• DATA FOR REVIEW:
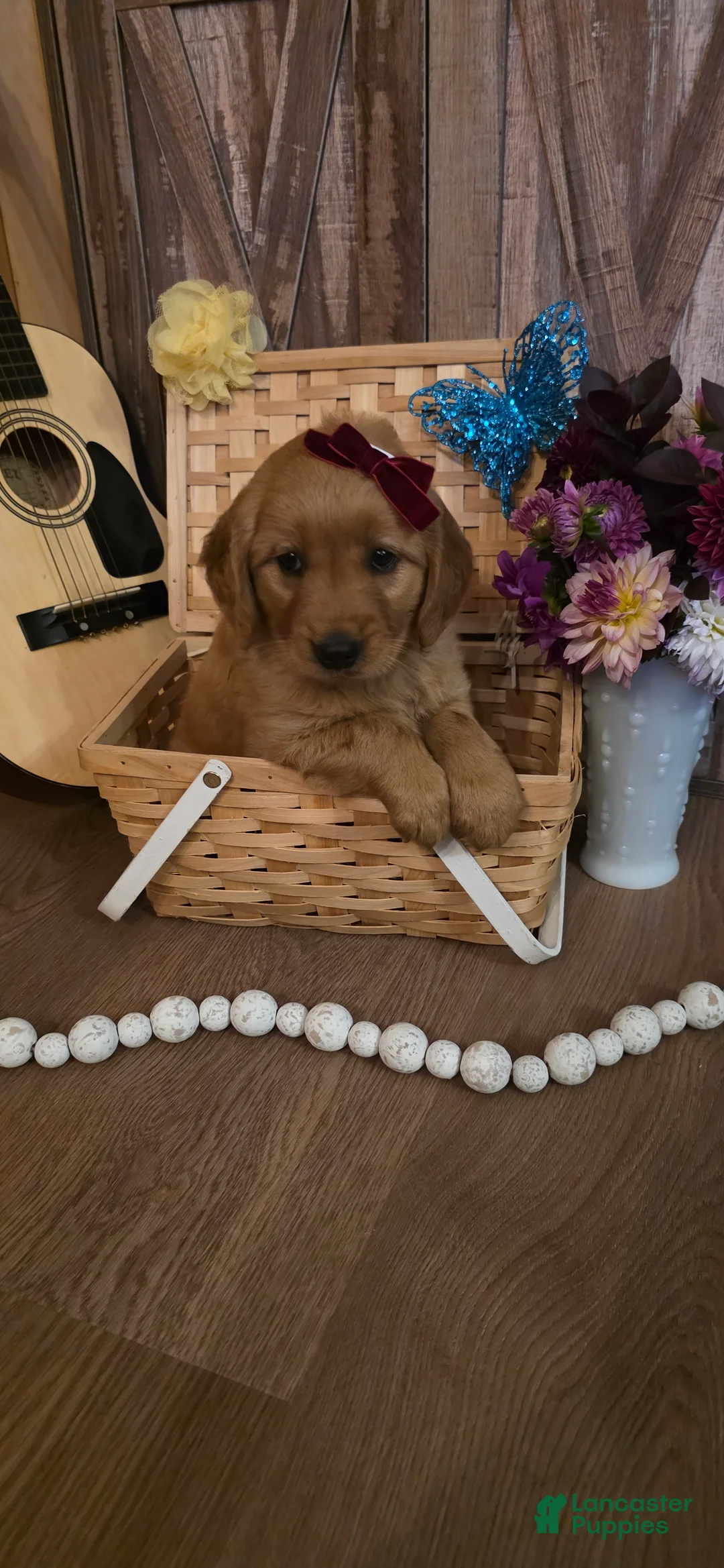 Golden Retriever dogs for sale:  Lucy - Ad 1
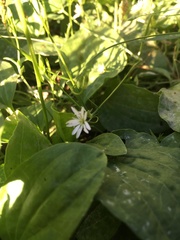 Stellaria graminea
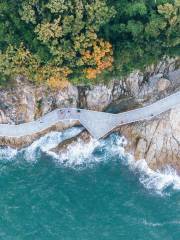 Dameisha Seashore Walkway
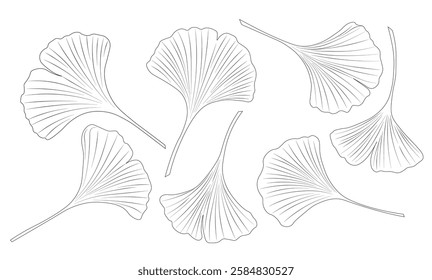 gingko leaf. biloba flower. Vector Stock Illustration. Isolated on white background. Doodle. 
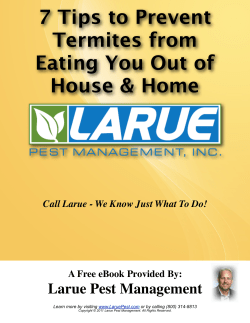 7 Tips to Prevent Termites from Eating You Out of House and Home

==

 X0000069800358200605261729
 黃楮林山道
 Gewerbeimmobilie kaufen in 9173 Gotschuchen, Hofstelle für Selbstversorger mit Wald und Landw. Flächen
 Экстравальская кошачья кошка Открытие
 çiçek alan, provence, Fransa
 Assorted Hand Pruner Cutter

* * *

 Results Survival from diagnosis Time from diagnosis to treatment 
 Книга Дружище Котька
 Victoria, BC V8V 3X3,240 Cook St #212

• WHAT TO DO: Repeat the lines above exactly, beginning with the one containing "Golden Retriever dogs" and finishing with the one containing "7 Tips to Prevent". No pictures belong in the copy.

• TASK RESPONSE:
 Golden Retriever dogs for sale:  Lucy - Ad 1
 Stellaria graminea
 Dameisha Seashore Walkway
 gingko leaf. biloba flower. Vector Stock Illustration. Isolated on white background. Doodle. 
 7 Tips to Prevent Termites from Eating You Out of House and Home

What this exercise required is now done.